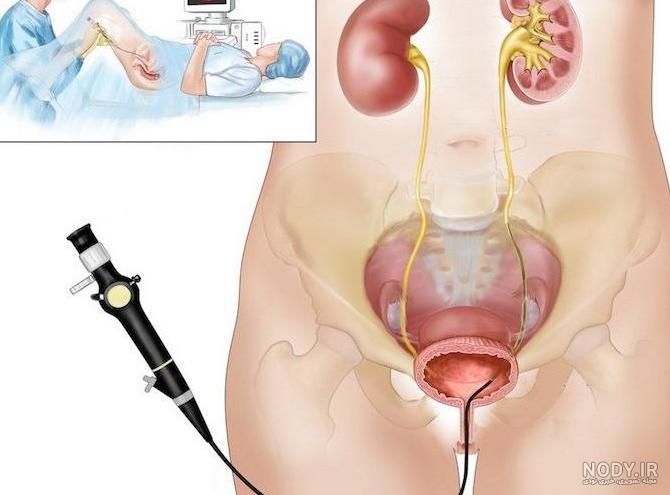 عوارض عکس رنگی رحم نی نی سایت عوارض عکس رنگی رحم نی نی سایت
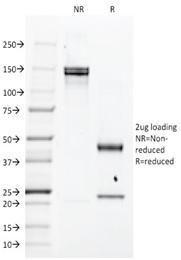 SDS-PAGE analysis of Anti-EGFR Antibody [H9B4] under non-reduced and reduced conditions; showing intact IgG and intact heavy and light chains, respectively. SDS-PAGE analysis confirms the integrity and purity of the antibody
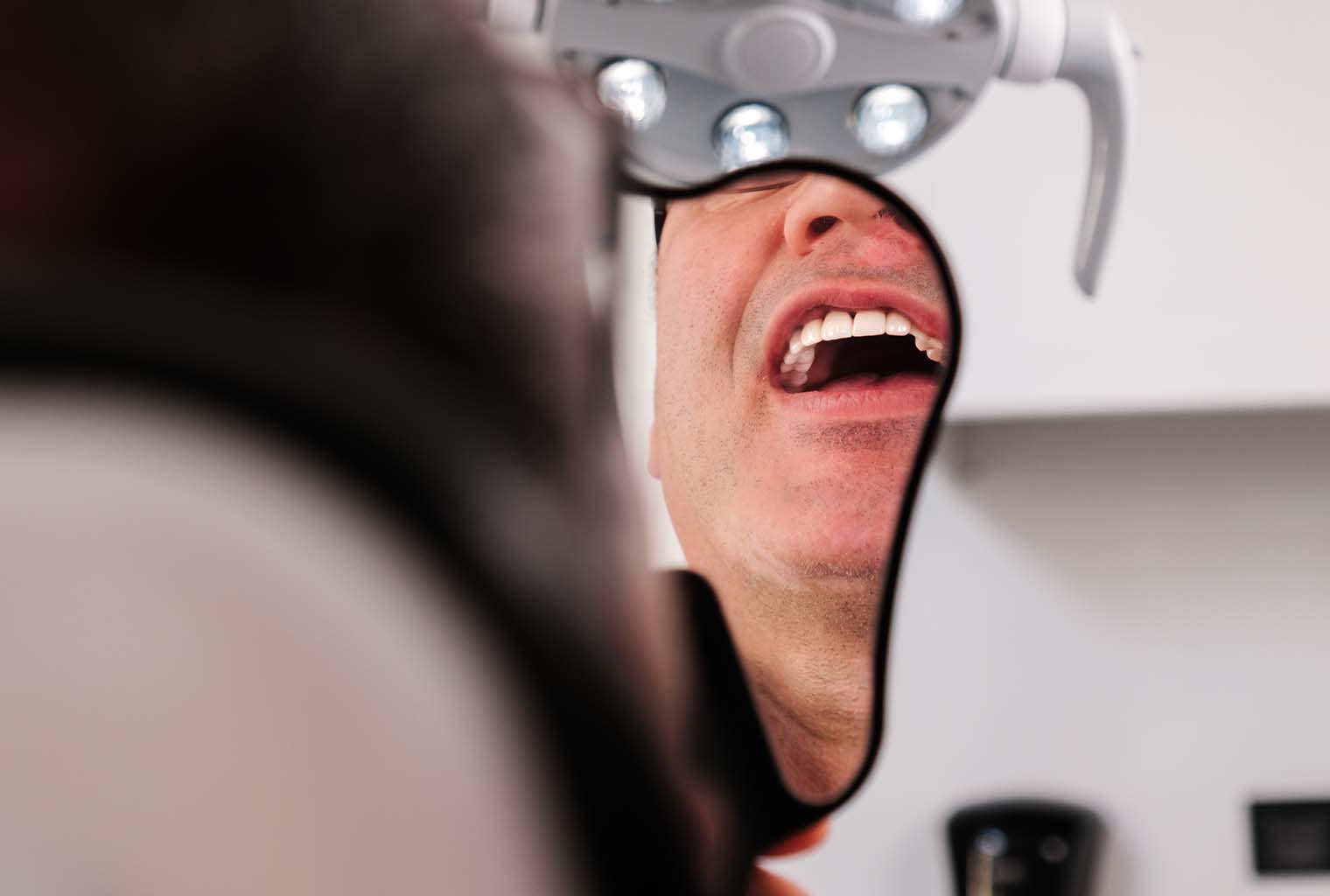 Diş Beyazlatma Yöntemleri ve Karşılaştırması: Nihai Rehberiniz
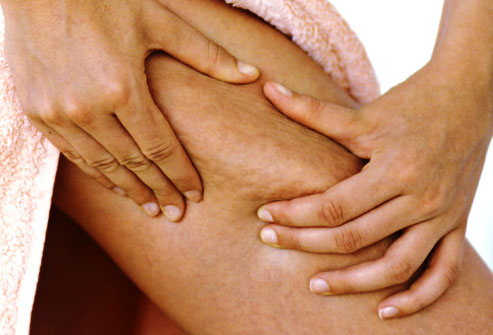 facts about cellulite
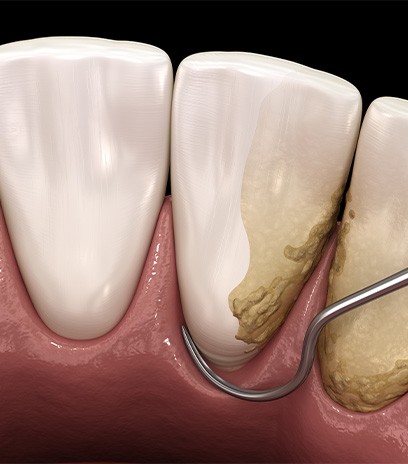 Illustration of scaling and root planing for gum disease treatment in Belmont, MA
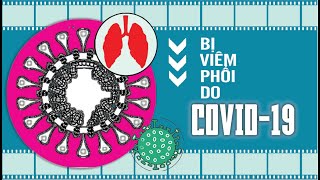 Bị viêm phổi do COVID-19 viêmphổi#viemphoi#viêmphổicấp#viemphoivuhan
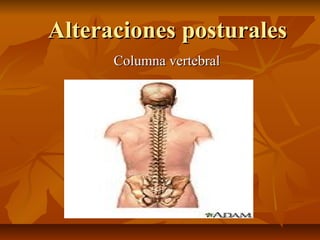Alteraciones posturales
Columna vertebral

 
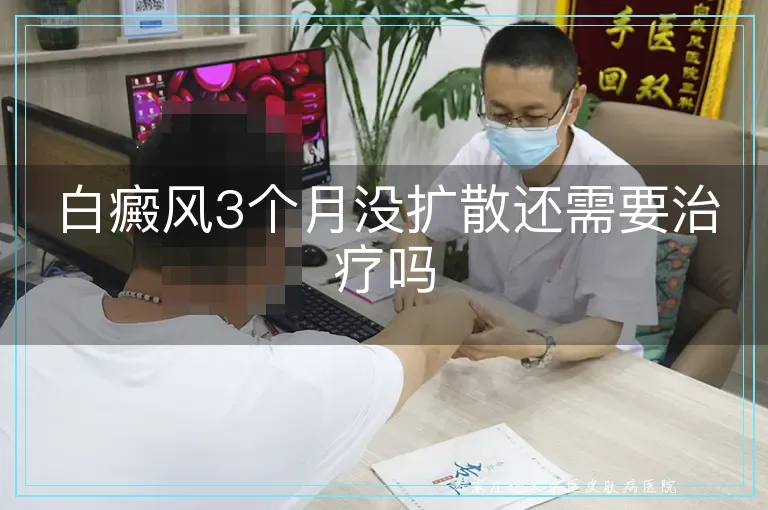 白癜风3个月没扩散还需要治疗吗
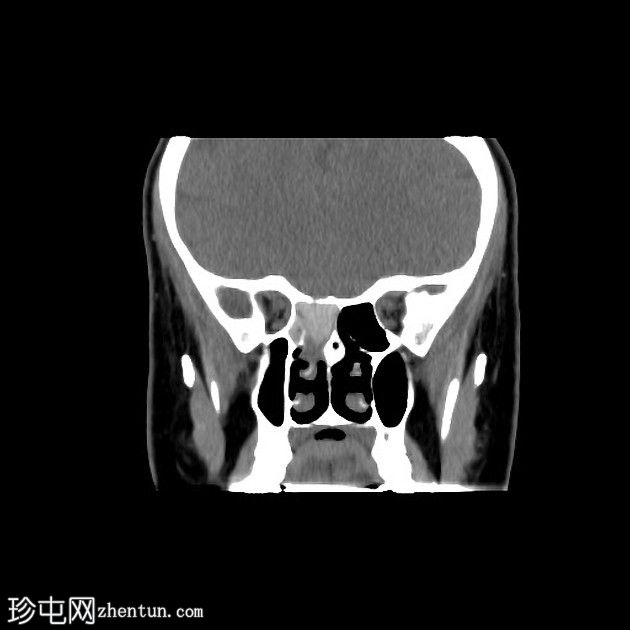 真菌性鼻窦炎——假性充气性鼻窦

=======

EXERCISE DIRECTIONS :: Your job is to restate, word for word, only the lines from the one holding "Alteraciones posturales" through the end of the material; pictures stay out.

OUTPUT FOR THIS TASK ::
Alteraciones posturales
Columna vertebral

 
 白癜风3个月没扩散还需要治疗吗
 真菌性鼻窦炎——假性充气性鼻窦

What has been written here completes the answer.